Input material »
_____

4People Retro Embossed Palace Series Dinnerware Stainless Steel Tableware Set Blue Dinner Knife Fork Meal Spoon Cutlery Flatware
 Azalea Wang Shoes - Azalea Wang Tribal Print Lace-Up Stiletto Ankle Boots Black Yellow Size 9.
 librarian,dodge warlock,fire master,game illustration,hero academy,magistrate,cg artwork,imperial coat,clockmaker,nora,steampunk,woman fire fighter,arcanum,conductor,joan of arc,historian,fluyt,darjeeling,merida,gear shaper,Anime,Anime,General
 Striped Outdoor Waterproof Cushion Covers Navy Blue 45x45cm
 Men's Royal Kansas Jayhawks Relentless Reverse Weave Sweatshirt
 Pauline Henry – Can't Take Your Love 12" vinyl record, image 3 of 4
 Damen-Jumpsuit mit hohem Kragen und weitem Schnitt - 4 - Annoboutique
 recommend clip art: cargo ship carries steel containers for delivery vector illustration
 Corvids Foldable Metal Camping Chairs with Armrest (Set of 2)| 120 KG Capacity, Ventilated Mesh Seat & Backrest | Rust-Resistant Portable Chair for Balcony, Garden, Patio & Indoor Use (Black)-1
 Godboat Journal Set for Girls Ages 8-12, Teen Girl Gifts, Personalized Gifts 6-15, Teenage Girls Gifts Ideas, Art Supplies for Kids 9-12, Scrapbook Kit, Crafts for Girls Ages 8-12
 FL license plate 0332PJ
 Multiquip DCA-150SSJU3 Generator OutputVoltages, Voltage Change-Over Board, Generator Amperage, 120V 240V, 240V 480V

_____

Copy out, word for word, only the lines from the one with "FL license plate 0332PJ" through the last line of the material above.

Response to the exercise »
 FL license plate 0332PJ
 Multiquip DCA-150SSJU3 Generator OutputVoltages, Voltage Change-Over Board, Generator Amperage, 120V 240V, 240V 480V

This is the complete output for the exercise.